‘Entrega’ de voluntários ressocializa presos do sistema penitenciário do AM

Um dos projetos formados por voluntários, o grupo Missão Amigos de Cristo, trabalha com a ressocialização há oito anos e já recuperou mais de 380 ex-presidiários, inserindo eles no mercado de trabalho

Manaus – Apalavra voluntário no dicionário define algo feito “sem constrangimento ou coação”, de forma espontânea. Na vida real de algumas pessoas essa palavra pode vir carregada de um significado: humanidade e doação. É dessa forma que, em Manaus, o grupo Missão Amigos de Cristo trabalha com a ressocialização de ex-detentos. Em oito anos de acolhimento, mais de 380 internos já foram ressocializados, e inseridos no mercado de trabalho. Desse número, apenas 15% voltaram a cometer crimes.

Conseguir um trabalho, reconstituir um lar, ter o próprio negócio, tudo que é normal para a maioria das pessoas se torna extremamente difícil para os ex-presidiários. A sociedade não costuma dar muitas oportunidades a eles. “São pessoas que precisam de atenção e amor, eles muitas vezes não tiveram uma base familiar”, explicou o coordenador da Capelânia Carcerária da Igreja Batista, Rogério Evangelista, sobre as pessoas que recebem auxílio do projeto.

O centro de ressocialização Amigos de Cristo fica em uma casa simples no Bairro da Redenção, na zona centro-oeste de Manaus. Hoje, com 10 moradores, o centro de ressocialização funciona como uma grande família para quem ainda busca oportunidades na vida.

Há oito anos o projeto foi fundado com base nos altos índices de criminalidade na capital. Criado sob a polêmica perspectiva de que presos não são capazes de ressocializar, o projeto é uma lição de vida até para quem o idealizou.

“Tudo começa com o descaso das famílias, muitos deles tem traumas de paternidade, nosso voluntariado têm um trabalho muito árduo. Eu acredito que o amor de Cristo me levou a esse trabalho, hoje conseguimos transformar vidas, depois que eles saem do centro tem outra cabeça, eles começam a sonhar com o futuro”, afirmou Evangelista.

No centro de ressocialização as horas dos dias são distribuídas em devocional, reflexões, tarefas domésticas e na busca pela ressocialização, que pode vir por meio de um curso, ou um emprego como aconteceu com Bruce.

Vida recuperada

Há quatro anos e meio Bruce William, de 30 anos, deixou para traz a vida de usuário de drogas e assaltante. Mas a mudança de vida só começou depois que ele aceitou participar da casa de ressocialização. Bruce foi preso duas vezes. Onze dias após deixar o Centro de Detenção Provisória Masculino (CDPM), na zona rural de Manaus, ele voltou a cometer assaltos e foi preso novamente.

Bruce William, de 30 anos, deixou para traz a vida de usuário de drogas e assaltante para virar empreendedor (Foto: Divulgação)

“Eu fiquei preso por sete meses, cometi diversos crimes, entre eles assalto a mão armada. Eu vivia em um mundo de trevas, precisei perder minha irmã para cair na realidade. Entrei no mundo do crime por conta droga, o meu vicio me levou ao crime. Cheguei a passar três meses desaparecido, até que conheci o amor de Deus e tudo mudou”, disse William.
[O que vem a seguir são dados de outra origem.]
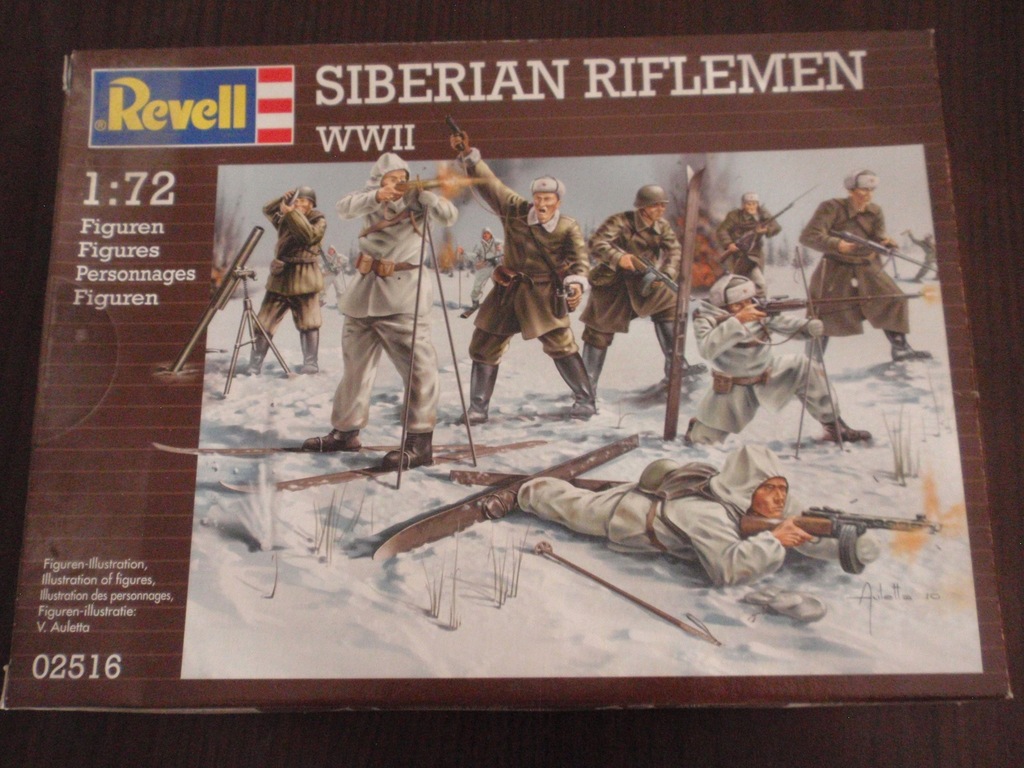 Siberian riflemen - Revell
A história do ex-presidiário é motivadora. Bruce mudou completamente de vida. Hoje ele é dono de um varejão, uma borracharia e uma loja de roupas todos no Coroado, zona leste de Manaus. “Quando eu sai do centro de ressocialização, emprestei R$150 da minha mãe e comecei a vender salgados com suco na Avenida Grande Circular. Logo transformei aquela quantia em R$ 500 de lucro, foi quando montei uma pequena mercearia, e tinha apenas meia saca de cebola, alguns tomates e alho. Meu padrasto me ajudou a alugar o ponto. Hoje construí esse hortifruti, e tenho outros dois negócios. Atualmente sou casado, tenho um filho e levo uma vida digna, posso dormir tranquilo, dando orgulho pra minha mãe”, afirmou Bruce.
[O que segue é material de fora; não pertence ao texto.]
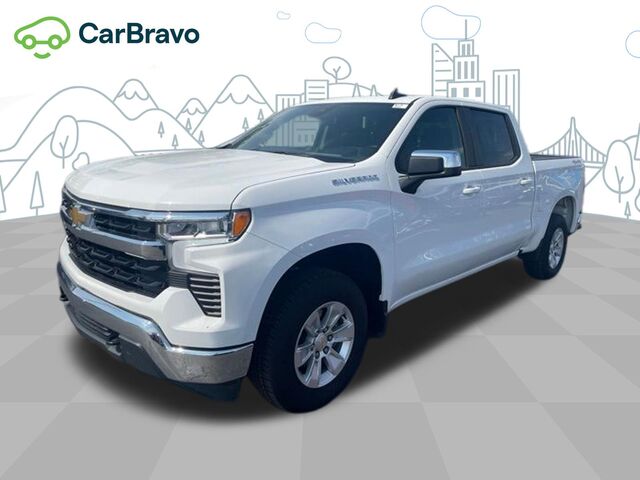 2025 Chevrolet Silverado 1500 LT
O projeto Amigos de Cristo já atendeu mais de 380 pessoas dentro e fora dos presídios. Hoje conta com 11 voluntários que mantém a casa alugada que é base do projeto na capital. “Os irmãos da Igreja Presbiteriana são fundamentais nesse trabalho, muitos deles abrem as portas e dão um oportunidade pra essas pessoas. São pessoas que precisam de ressocialização, de direcionamento, de oportunidade de emprego e de amor”, acrescentou Rogério Evangelista, coordenador do projeto.